MMath Thesis Presentation • Cardinality Estimation in Streaming Graph Data Management Systems

Friday, February 16, 2024 11:00 am - 11:00 am EST (GMT -05:00)

Kerem Akillioglu, MMath candidate
David R. Cheriton School of Computer Science

Graph processing has become an increasingly popular paradigm for data management systems. Concurrently, there is a pronounced demand for specialized systems dedicated to streaming processing that are essential to address the continual flow of data and the inherent dynamism in streaming data. Yet, the lack of a standardized, general-purpose query framework specifically for streaming graphs is a notable gap in existing technologies. This shortfall emphasizes the necessity for a more comprehensive solution for processing and analyzing streaming graph data efficiently in real time. Enhancing this solution is crucially dependent on improving the query processing pipeline, especially on cardinality estimation and query optimization, both of which are key factors in ensuring optimal system performance.

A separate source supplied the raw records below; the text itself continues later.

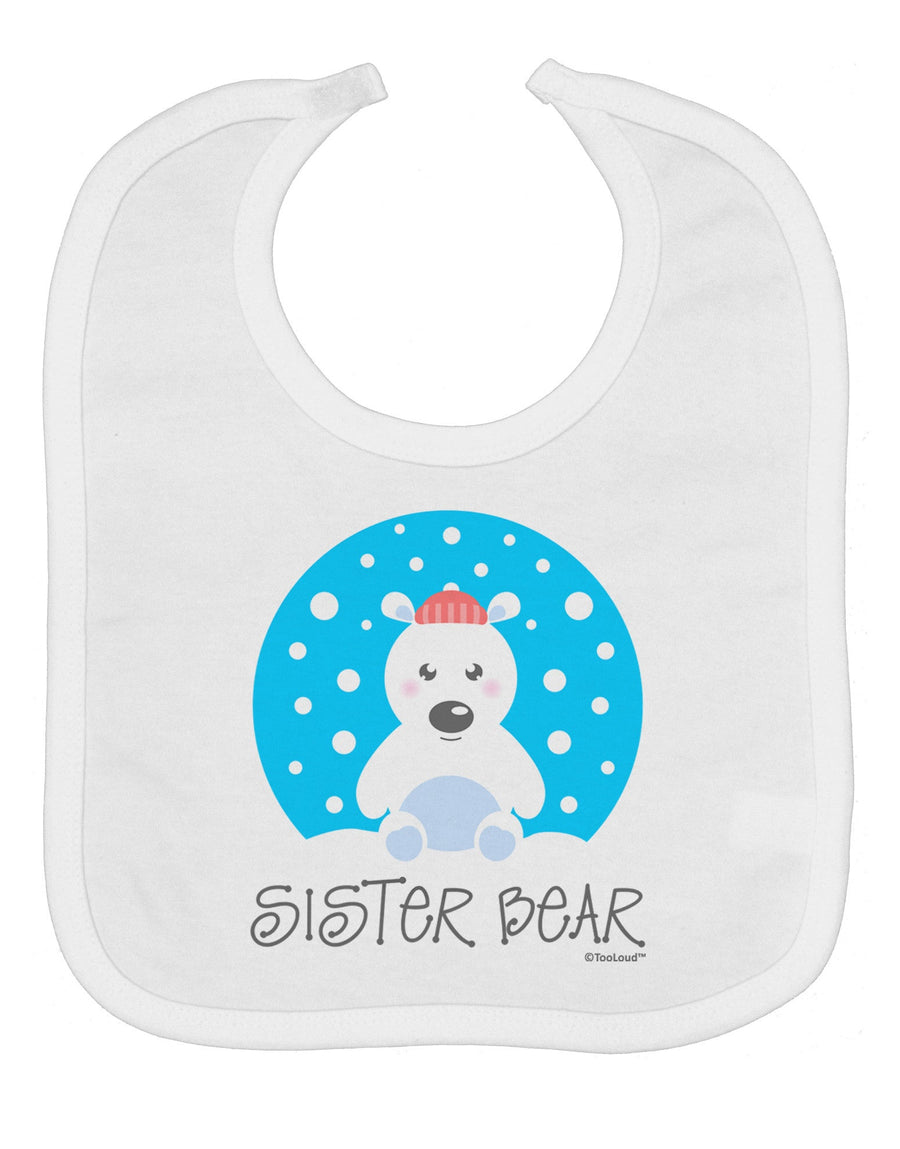 Matching Polar Bear Family - Sister Bear Baby Bib by TooLoud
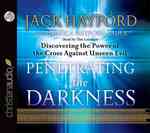 Penetrating the Darkness (5-Volume Set) : Discovering the Power of the Cross against Unseen Evil （Unabridged）
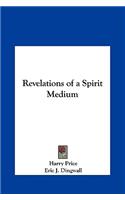 Revelations of a Spirit Medium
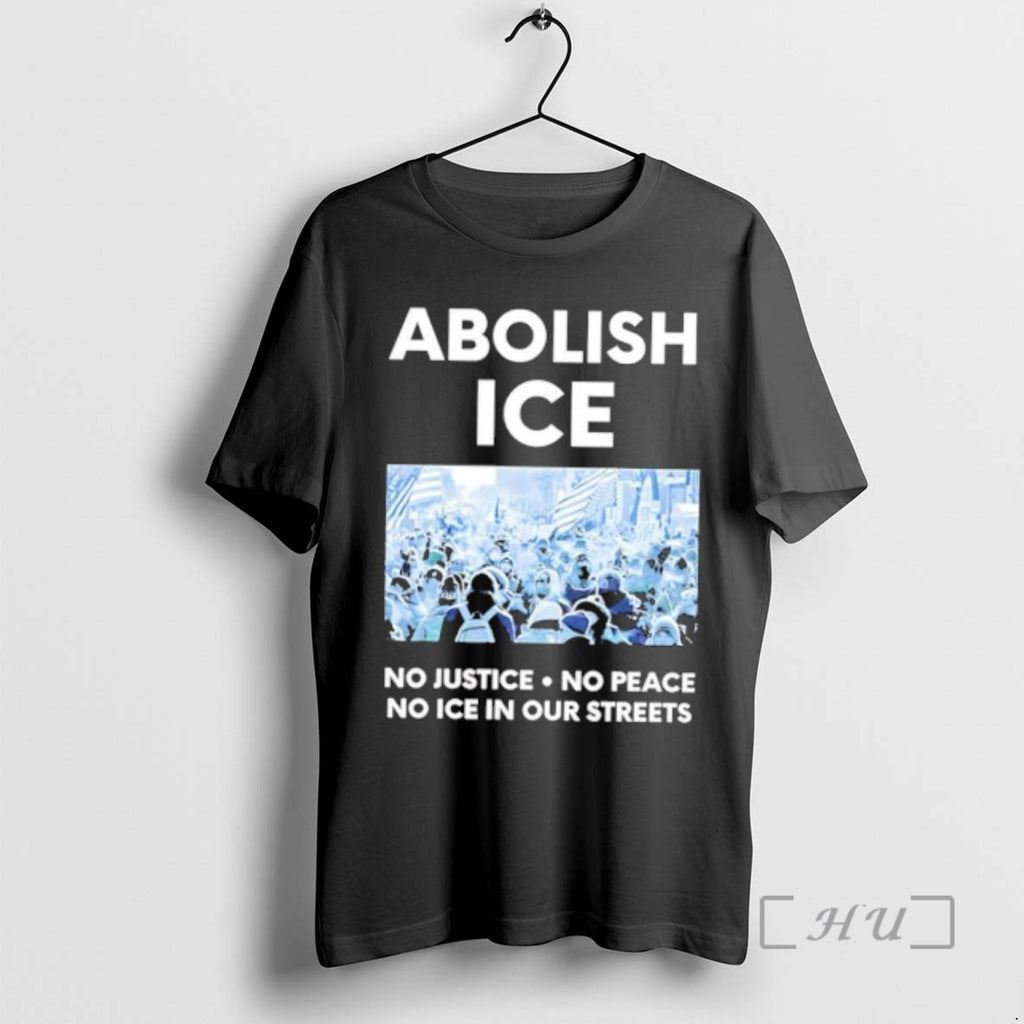Officials Abolish Ice No Justice No Peace No Ice In Our Streets Premium T Shirts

In this thesis, a novel cardinality estimation technique, called GraphSketch, that is tailored for streaming graph database management systems (GDBMS) is proposed. GraphSketch is a sketch-based framework designed to concisely summarize streaming graphs, enabling both accurate and efficient cardinality estimations. The thesis delves into the theoretical foundations of GraphSketch, outlining its conceptual design and the specific methodologies employed in its construction. Additionally, the thesis elaborates on the suitability of GraphSketch for streaming systems, highlighting its capability for incremental updates, which are pivotal in maintaining efficiency in the rapidly evolving environment of streaming data.